PwC took control of Martel’s company in May after several civil lawsuits were launched by investors alleging Martel owed them millions of dollars. Martel had allegedly promised impressive returns for ‘bridge loan’ investments that, to date, PwC’s lawyers say they have never found any evidence of.
Court records show 855 investors have filed claims against Martel through bankruptcy proceedings, with the total amount he owes all creditors now surpassing $300 million.
Monday’s hearing, which was originally scheduled for two days, got off to a surprise start when Martel’s lawyers asked the judge to have them withdrawn as his counsel, citing “ethical reasons.” The request was granted and no further information was given. Martel’s original lawyer also withdrew, citing ethical reasons earlier in the proceedings.
In addition to the contempt of court application, PwC’s lawyer also asked the courts to borrow $600,000 from one of Martel’s investors so that it can pursue a property Martel owns in Las Vegas and try to recoup some of the equity from it.
Making the issue more urgent is what PwC called a “disturbing development.” They told the judge that on Sept. 6 they learned that Martel, against court orders, had allegedly transferred ownership of the Las Vegas property to one of the U.S. investors he owes money to.
PwC says it doesn’t have enough money to pursue legal action in the United States because so far, it has incurred more than $1 million in fees yet has only recovered roughly $300,000 from Martel’s estate. The judge granted the funding request.

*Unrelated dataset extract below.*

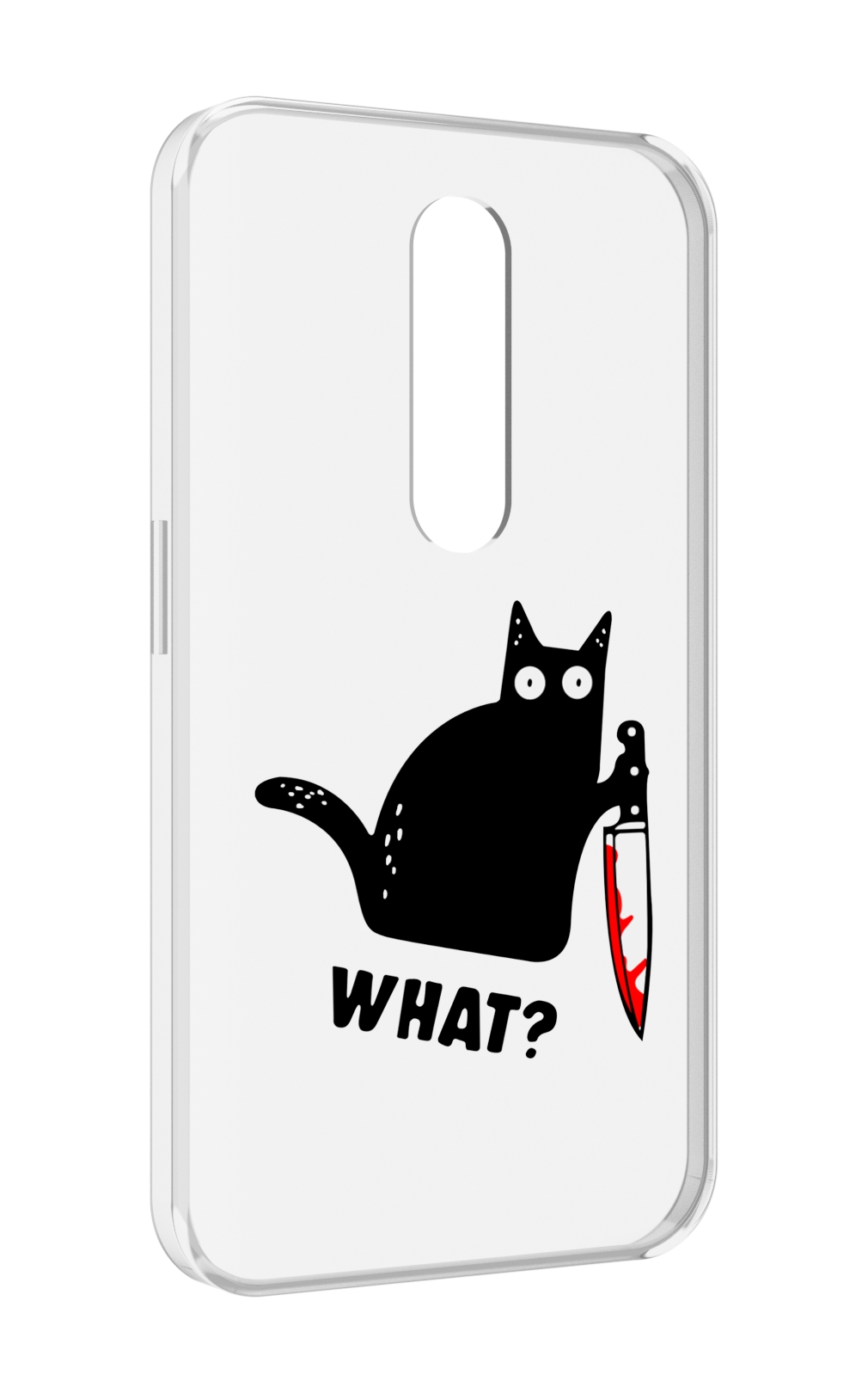 

Чехол MyPads котик-убийца для Motorola Moto X Force (XT1585 / XT1581), Прозрачный, Tocco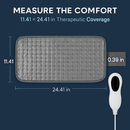 Electric Heating Pad with Adjustable Temperature & Timer by LJGDeals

In the contempt application, Madame Justice Shelley Fitzpatrick found Martel guilty of breaching five different court orders. She signed a warrant for his arrest, which will be sent to the Canada-wide policing database CPIC. If Martel is out of the country, as is largely suspected, the warrant means he would only be arrested if and when he returns to Canada.
The B.C. Securities Commission is also pursuing a criminal investigation into Martel’s dealing, but no charges have been laid. None of those allegations have been proven in court.